Python for Data Science Course
A 7-week, 2-credit hour course focused on using Python for data science. Topics include data wrangling, interaction with data sources, visualization, running scripts, the Python ecosystem, functions, and modeling.
If you are looking for information on the associated bootcamp, click here.
Lecture Slides | Labs | Lab Solutions
- Expose students to the Python data science ecosystem’s libraries, capabilities, and vocabulary.
- Build students’ proficiency in the core data wrangling skills: importing data, reshaping data, transforming data, and exporting data.
- Develop students’ ability to use Python within both interactive (Jupyter, REPL) and non-interactive (scripts) environments.
- Explore various methods of producing output in Python: plotting, exporting various data formats, converting notebooks to static files as deliverables, and writing to a SQL database.
- Expose students to modeling via scikit-learn and discuss the fundamentals of building models in Python.
- Teach students how and when to teach themselves, through a discussion of widely-available Python resources.
I try to limit pre-work as much as possible, but having Python, Jupyter, and the relevant packages installed is an unavoidable necessity. Below are instructions to do so via Anaconda (a popular Python distribution):
- Visit the Anaconda download page
- Select your appropriate operating system
- Click the “Download” button for Python 3.7 - this will begin to download the Anaconda installer
- Open the installer when the download completes, and then follow the prompts. If you are prompted about installing PyCharm, elect not to do so.

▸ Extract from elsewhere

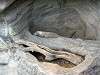 ueno_zoo_0959_mini.jpg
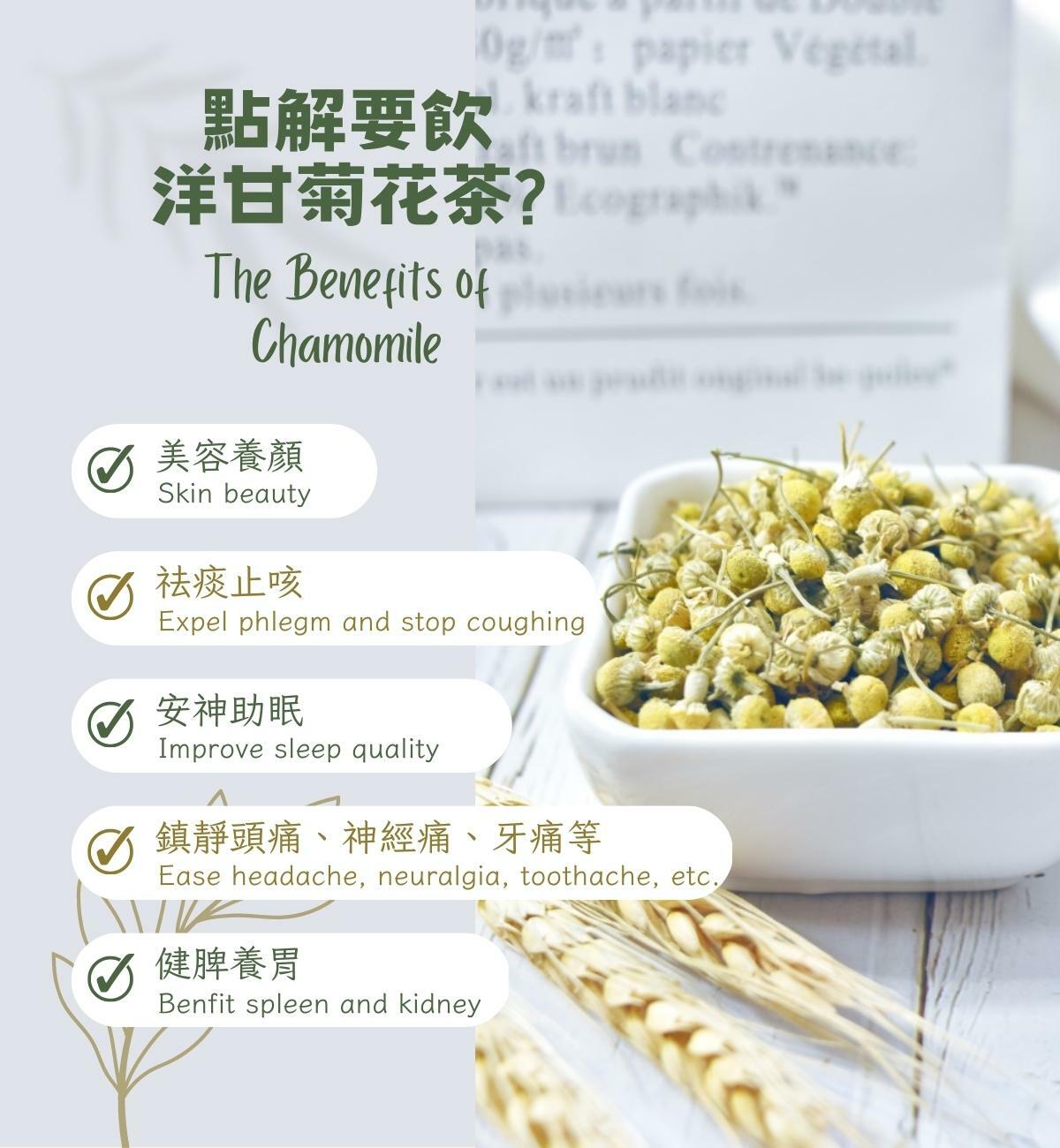 洋甘菊花茶 (35g/1pc) 健脾養胃 改善睡眠 祛痰止咳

- Once installed, open the Anaconda Navigator and launch a Jupyter Notebook to ensure it works.
- Follow the package installation instructions to ensure pandas and seaborn packages are installed.

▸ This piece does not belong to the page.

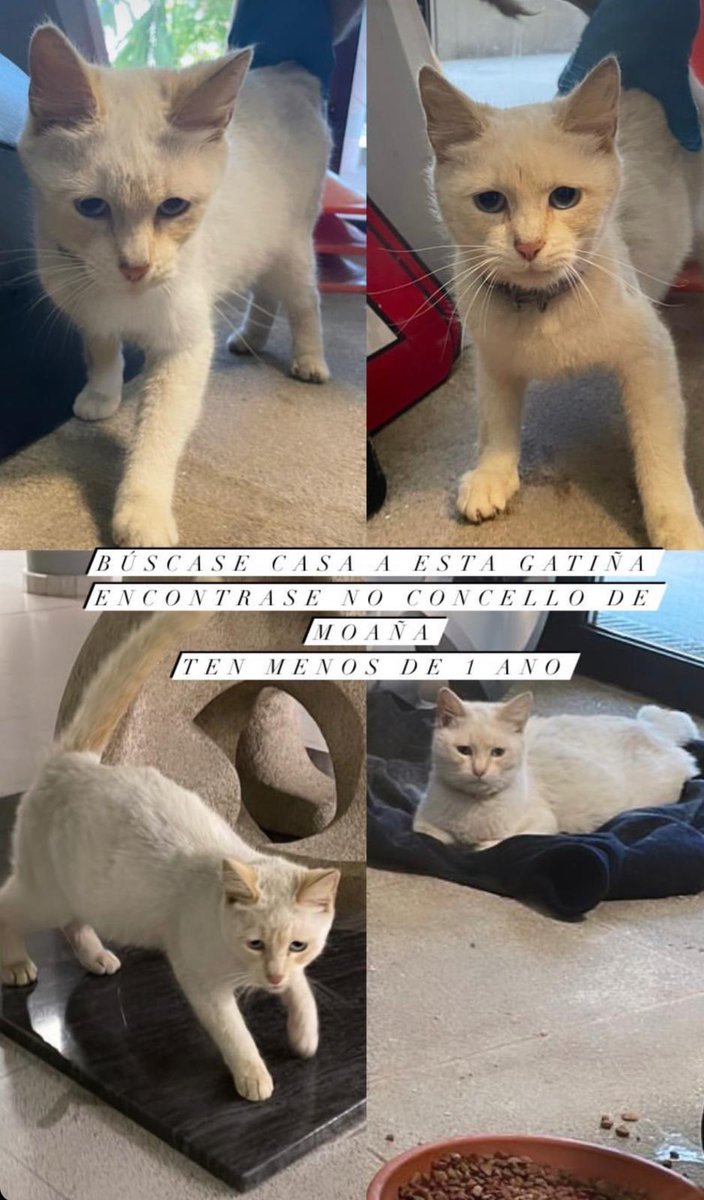 MarboSun tweet media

I would also suggest, but not mandate, reading the preface and Chapter 1 of the Python Data Science Handbook for an overview of data science and to gain familiarity with the Python environment and Jupyter notebooks.
Class sessions will be structured as 110 minutes of lecture, a 10-minute break, and 110 minutes of lab. Additional breaks will be given if time permits.
- Session 1: Refresher on Python and DataFrames
- Session 2: Importing and Exporting Beyond CSVs; Grouping and Reshaping
- Supplemental Reading: Refer to Session 1 reading
- Session 3: Control Flow; Functions; the
- Supplemental Reading:
- Session 4: Visualization with Seaborn and Matplotlib
- Supplemental Reading: The Python Data Science Handbook, Chapter 4
- Session 5: Modeling and Feature Engineering
- Supplemental Reading: The Python Data Science Handbook, Chapter 5
- Session 6: Version Control with Git and GitHub; High-level Discussion of Python Packaging and APIs (as time allows)
- Supplemental Reading:
- Session 7: Final Exam; High-level Discussion of Object-oriented Programming; Any Student-suggested Topics
- 30% Assignments – completion-based, 5% each
- 15% Final Exam
- 5% Class Participation – asking at least two questions during or after class, in total throughout the course
- 50% Course Project – see below
50% of the course grade is based on a final project: apply the data science skills covered in the course (and optionally, beyond what’s covered) to real datasets. The project must include data wrangling and the creation of a deliverable to explain the group’s findings. Students may complete the project alone or in teams of up to four; however, larger groups will be held to a higher standard.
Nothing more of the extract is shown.